Dentro de um ano, voou com a SpaceX na Inspiration4 —a primeira missão de astronautas totalmente civis a orbitar. Diversas vezes, Isaacman se recusou a dizer quanto gastou nos assentos, o máximo que revelou ao Axios foi que gastou menos de US$ 200 milhões —um assento na Dragon para quatro pessoas é estimado em cerca de US$ 55 milhões pela Nasa.
Desde então, ele se tornou uma espécie de financiador pessoal da SpaceX. Em 2021, a Shift4 fez um investimento de US$ 27,5 milhões na empresa. No ano seguinte, Isaacman anunciou que estava financiando um programa de pesquisa e desenvolvimento na empresa chamado Polaris, que cobriria três missões com o objetivo de avançar no voo espacial humano na startup.
O lançamento inicial ocorreu em setembro. Nessa missão, Isaacman realizou a primeira caminhada espacial comercial do mundo em órbita com um traje espacial recém-projetado da SpaceX. As segunda e terceira missões ainda não foram anunciadas. O voo final está previsto para ser a primeira missão tripulada do foguete Starship, da SpaceX, o veículo gigante que a empresa vem desenvolvendo para chegar à Lua e, também, a Marte.
Evitando conflito
Os administradores da Nasa têm tido currículos variados, incluindo uma mistura de ex-astronautas, políticos de carreira e funcionários públicos de longa data na agência. Alguns também saíram da indústria espacial.
Daniel Goldin, por exemplo, era vice-presidente da empresa de defesa TRW Space and Technology Group quando foi nomeado administrador da agência em 1992. Ele vendeu suas ações antes de assumir o cargo —não está claro se Isaacman possui ações na SpaceX. A Nasa também está submetida a leis destinadas a garantir imparcialidade na escolha de contratados para trabalhos.

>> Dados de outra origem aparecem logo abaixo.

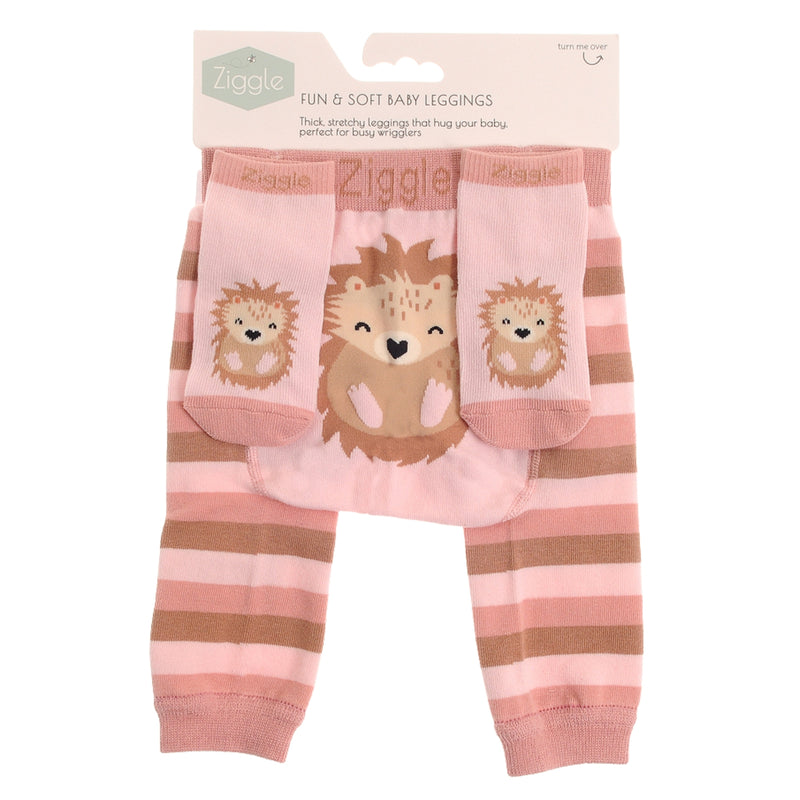 Ziggle Hedgehog Legging & Sock Set, 0-6m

Alguns administradores foram além para evitar politização. Quando trabalhava como administradora-adjunta da Nasa durante a presidência de Barack Obama, Lori Garver às vezes evitava ser informada sobre seleções de contratos para evitar qualquer viés potencial, ela disse à Bloomberg.
Ainda assim, a maioria das decisões importantes acaba chegando ao administrador, o que significa que Isaacman teria que tomar decisões que impactam uma de suas empresas mais defendidas.
“O administrador, em última instância, é o líder que determina a agenda”, disse Garver.
Para Isaacman, fazer cortes hipotéticos —como propor o cancelamento do SLS, da Boeing— pode se provar difícil. O foguete recebeu um substancial apoio político, especialmente de legisladores republicanos no Alabama e em outros lugares onde seu desenvolvimento sustenta milhares de empregos. O Congresso já bloqueou tentativas de cancelar o veículo e tem fornecido financiamento consistente para ele.
Em relação às críticas por ter laços tão profundos com a SpaceX, Isaacman disse à Bloomberg que outros empreiteiros governamentais dominantes frequentemente não são contestados.
“Temos uma empresa que fabrica nossos porta-aviões”, afirmou ele. “O Congresso comprará mísseis Tomahawk todos os anos da mesma empresa, quer precisemos ou não. Ninguém se importa, porque não é a empresa de Elon Musk.”